Droits de douane de Donald Trump, inflation persistante, turbulences géopolitiques… Malgré les espoirs d’une éclaircie au second semestre, le contexte économique demeure incertain, ce qui profite aux valeurs sûres que sont les hedge funds et les grandes banques.
Ceux qui espéraient une embellie économique pour le second semestre 2025 ont pour l’heure de quoi être déçus. Après la pause estivale, l’horizon ne semble guère s’être éclairci, bien au contraire.
Il y a, d’abord, l’incertitude qui persiste quant aux droits de douane de Donald Trump. Il apparait désormais clair que ceux-ci ne sont pas un outil temporaire grâce auxquels le président américain, avec le choc du Liberation Day, entendait inciter les entreprises à rapatrier une partie de leur production aux États-Unis. Mais bien plutôt une arme qu’il compte brandir pour imposer sa volonté à chaque épisode de négociations, lorsque sa politique intérieure l’exige, ou simplement en fonction de ses sauts d’humeur.

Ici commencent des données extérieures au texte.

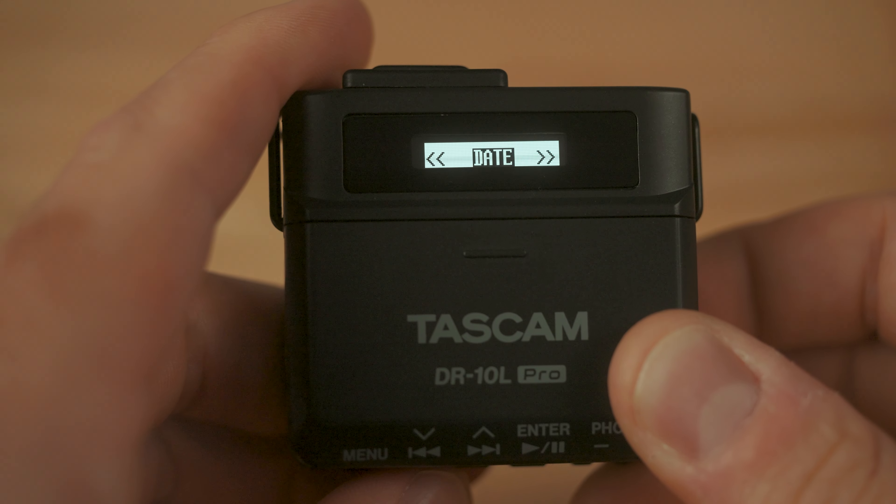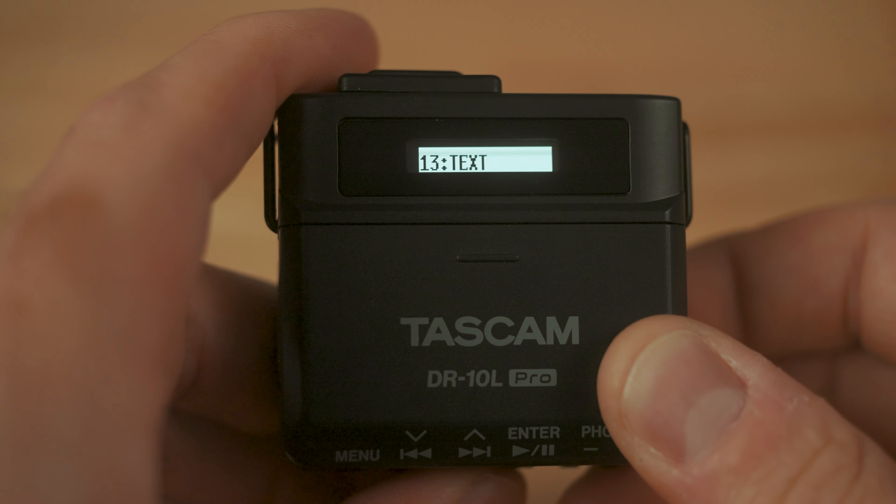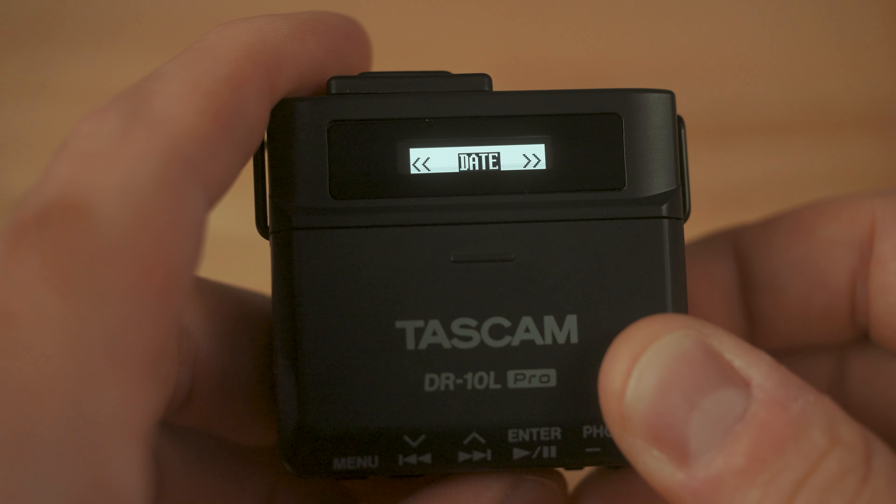Menu 12 is File Name. You can select either text, date, or the unit name of the recorder. Menus 13 and 14 give you control over the text or the unit name. For example, if you have a recorder that you always put on the groom at a wedding, you could name this recorder 'Groom' under name — whenever it comes time to copy your files, they will always have the word 'Groom' on them, making it easy to edit and sync up your audio. If you don't want to customize this, I would just leave Menu 12 set to date, which will title the file as the date it was recorded.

La politique douanière de Trump, plus que jamais source d’instabilité
Au cours des dernières semaines, Donald Trump a ainsi menacé les entreprises pharmaceutiques de droits de douane prohibitifs si elles refusaient de baisser les prix de leurs médicaments (cette baisse des prix était l’une promesse de campagne du président); des droits de douane de 100% sur tous les films hollywoodiens filmés en dehors des États-Unis; et une hausse des tarifs imposés à l’Inde si elle persiste à acheter du pétrole russe. Il paraît ainsi vraisemblable que, jusqu’à la fin de la seconde présidence Trump, les droits de douane demeureront un mode de gouvernement avec lequel les investisseurs seront contraints de composer.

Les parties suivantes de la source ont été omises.